Más allá del multiculturalismo, el principio de diversidad debería liderar la renovación de lo político en Europa. Hoy es necesario repensar al hombre como centro de un complejo tejido de vinculaciones, de pertenencias, de participaciones y de afiliaciones, todas las cuales pueden ser ocasionalmente contradictorias (así como lo son determinadas obligaciones de una sociedad individualista-estatalista), pero que no hacen más que reproducir la complejidad y la diversidad de toda vida social. Simone Weil, cuando hablaba del mundo feudal, señalaba que «la fidelidad estaba dirigida hacia el señor, o a la ciudad, o a los dos, y por encima de eso a unos entornos territoriales que no eran muy precisos. El sentimiento que nosotros llamamos patriotismo realmente existía, y en un grado a veces intenso, pero su objeto no estaba territorialmente definido». En cierto sentido, nuestra posmodernidad se asemeja a una nueva era feudal: las fronteras son indecisas, lo público y lo privado se entremezclan, el individuo se encuentra conectado al mismo tiempo a corrientes mundiales y a redes locales, la fidelidad a la cultura y el compromiso asociativo se superponen a la vida privada y a la participación ciudadana, las naciones quedan intercaladas entre comunidades y civilizaciones emergentes. La primera Guerra de los Treinta Años condujo a los tratados de Westfalia (1648), que marcarían la perdurable victoria del modelo estatal-nacional en Europa. Tras la segunda guerra de los Treinta Años (1914-1945), la Ciudad y el Imperio se toman la revancha.
Como resume Michael Sandel, «el retorno a la autonomía no se hará mediante la relocalización de la soberanía, sino mediante su dispersión.
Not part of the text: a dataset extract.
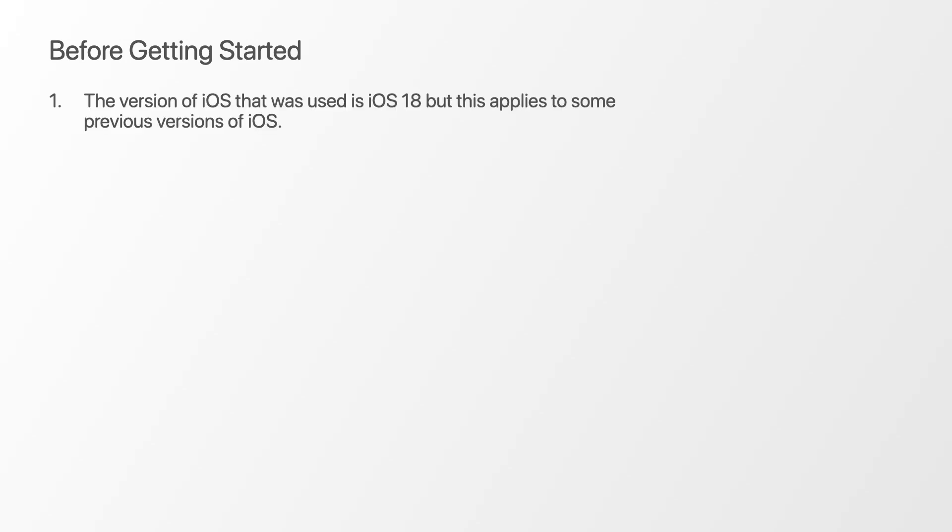Before I get started I need to mention three things. First, the version of iOS that was used is iOS 18 but it is applicable to some previous versions of iOS as well.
La alternativa más prometedora al Estado soberano no es la comunidad mundial basada en la solidaridad del género humano, sino una multiplicidad de comunidades y de cuerpos políticos –algunos más grandes, otros más pequeños que las naciones– entre los que la soberanía estará repartida. El Estado-nación no debe desaparecer, sino solamente abandonar su pretensión de ser el único que ostente el poder soberano y el objeto principal de las vinculaciones políticas. Diferentes formas de asociación política deben gobernar diferentes esferas de la existencia y comprometer en esa tarea diferentes aspectos de nuestra identidad. Sólo un régimen que disperse la soberanía hacia arriba y hacia abajo a la vez puede combinar la potencia requerida para rivalizar con el mercado mundial y la diferenciación necesaria para una vida pública que aspire a pro-mover la participación consciente de sus ciudadanos».